[[ Dataset entries open ]]
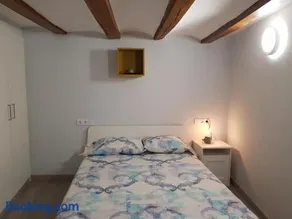 Ca la Quima - Image 5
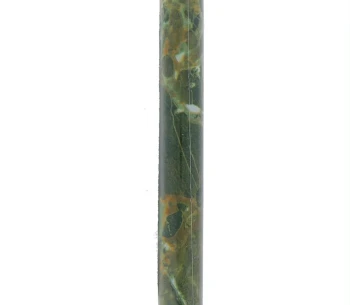 MARBLE SHELF LINER 1.5 YARDS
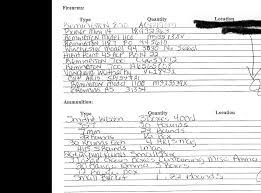 Deer shooting house design and bom. Dangerous Kids Threaten Lives Of Teachers And Classmates South Florida Sun Sentinel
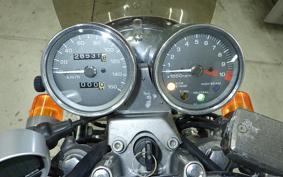 HONDA GB250 CLUBMAN GEN 3 2013 MC10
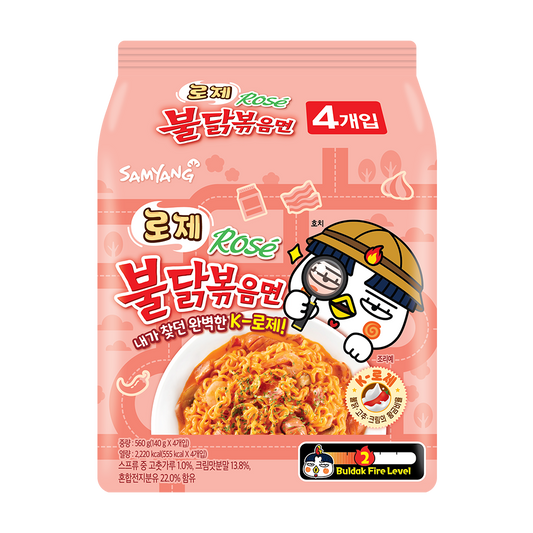 Korean Products Loved by BTS Members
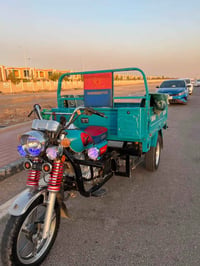 ستوته • موديل ٢٣ • أوراق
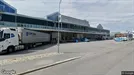 Kontor att hyra, Örnsköldsvik, Sjögatan<span class="blurred street-number" onclick="ProcessAdRequest(613632)"><span class="hint">Se väg-nr</span>[xxxxxxxx]</span>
[[ Dataset entries closed ]]
**Work instruction**
Could every record be given again exactly, with its pictures left out?

**Answer box**
 Ca la Quima - Image 5
 MARBLE SHELF LINER 1.5 YARDS
 Deer shooting house design and bom. Dangerous Kids Threaten Lives Of Teachers And Classmates South Florida Sun Sentinel
 HONDA GB250 CLUBMAN GEN 3 2013 MC10
 Korean Products Loved by BTS Members
 ستوته • موديل ٢٣ • أوراق
 Kontor att hyra, Örnsköldsvik, Sjögatan<span class="blurred street-number" onclick="ProcessAdRequest(613632)"><span class="hint">Se väg-nr</span>[xxxxxxxx]</span>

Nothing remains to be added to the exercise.